Judge Davis also vacated the convictions and sentences of Charles Greenlee and Walter Irvin, at the request of the local prosecutor. The Groveland Four were young guys ranging in age from 16 to 26 years old at the time. They were ultimately charged with the rape of a white lady in Groveland, Florida, in 1949.
The relatives of the men expressed hope that this case will prompt a review of additional Jim Crow-era convictions of Black men and women, allowing wrongfully convicted people to have their records expunged. Following the public revelation of the rape allegation, Thomas was slain by an all-white mob. The enraged, racially motivated whites fired approximately 400 rounds into his body during their fits of deadly cruelty.
Shepherd was slain and Irvin was injured in 1951 while being transported to a retrial by the local sheriff, Willis McCall. Due to a lack of evidence, their initial convictions were overturned by the Supreme Court. According to the sheriff, the young guys attempted to flee, but McCall and his deputy shot them in cold blood, according to Irvin.

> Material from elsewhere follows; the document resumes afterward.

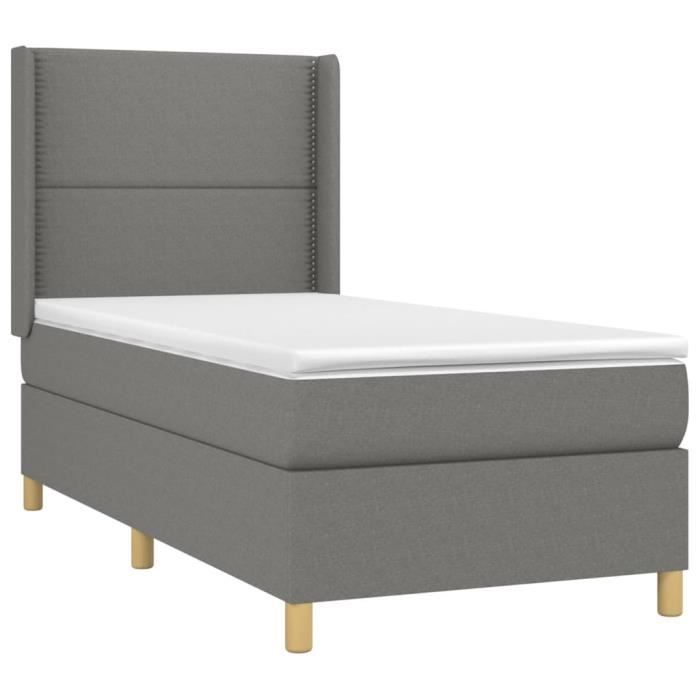 VidaXL Lit à sommier tapissier et matelas Gris foncé 90x190 cm Tissu 3131874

As a member of the NAACP, Thurgood Marshall Sr. defended Irvin in his second trial. An all-white jury, however, convicted him guilty once again. Irwin was given the death penalty. In 1954, he nearly avoided the electric chair. Governor LeRoy Collins, on the other hand, saved his life. Irwin’s sentence was changed to life in prison with the possibility of release. Greenlee, who was also sentenced to life in prison, was released in 1962 and died in 2012.
In 1969, Irvin was released from prison and died a year later.

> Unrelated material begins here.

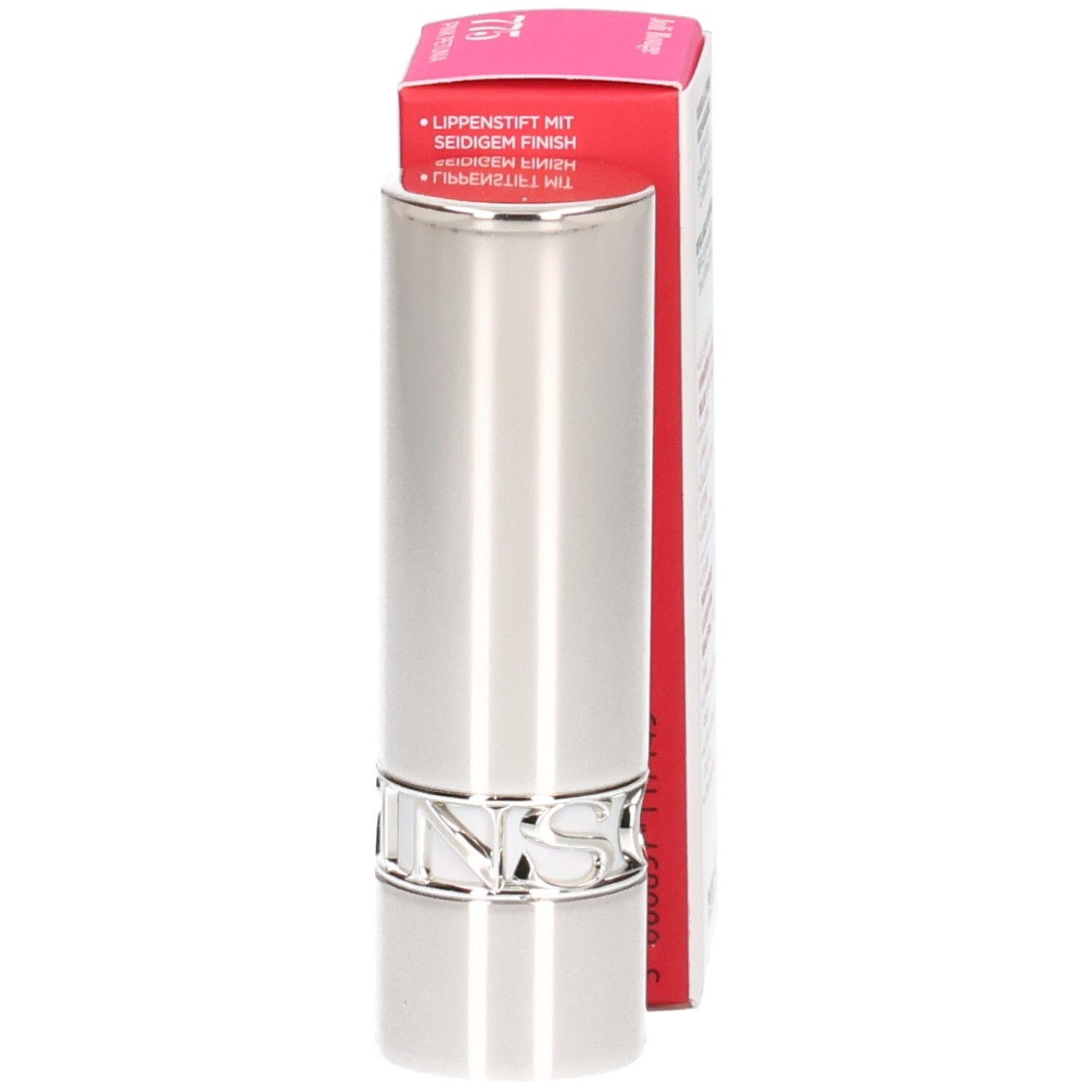 Clarins Joli Rouge lipstick 775 Pink Petunia, zilveren huls met logo.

In 2017, the Florida Legislature issued an official apology to the men’s families. More than two years ago, Governor Ron DeSantis and the state’s three-member Cabinet awarded posthumous pardons. Pam Bondi, Florida’s then-Attorney General, asked the state’s Department of Law Enforcement to launch an investigation into the situation in 2018. The agency delivered its findings to Gladson for assessment earlier this year.

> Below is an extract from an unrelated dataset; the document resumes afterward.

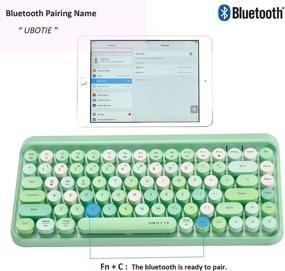 img 1 attached to 🌈 UBOTIE Portable Colorful Bluetooth Keyboard: Compact Retro Typewriter Design, Wireless & Flexible 84-Keys (Green-Colorful)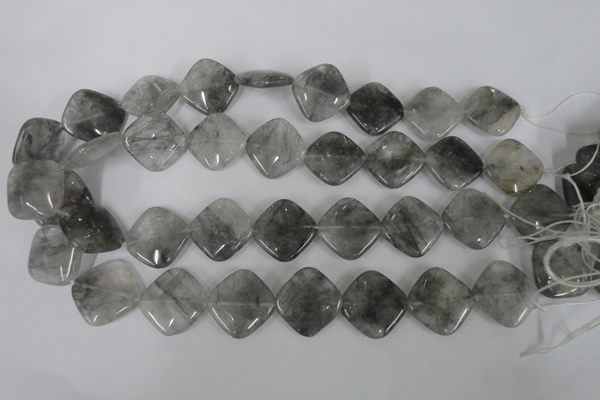 CCQ423 15.5 inches 20*20mm diamond cloudy quartz beads wholesale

Gladson and an investigator interrogated the grandson of Jesse Hunter, the Groveland Four’s now-deceased prosecutor. Broward Hunter’s grandson said that both his grandpa and a judge involved in the case were aware that no rape had occurred.
In addition, the grandson indicated to Gladson that Willis shot Shepherd and Irvin in punishment for the sheriff’s participation in an illegal gambling operation, based on letters found in his grandfather’s office in 1971. Willis may have seen an opportunity in inventing a rape case since Shepherd was suspected of gambling.
Gladson also claimed that crucial witness subordinate James Yates faked evidence, including shoe casts. In September, the prosecution submitted Irvin’s pants to a crime lab for semen testing, which was never done during his trial — regardless of the fact that jurors were led to believe the pants were filthy.
The tests discovered no physical evidence of seminal fluid, according to the petition.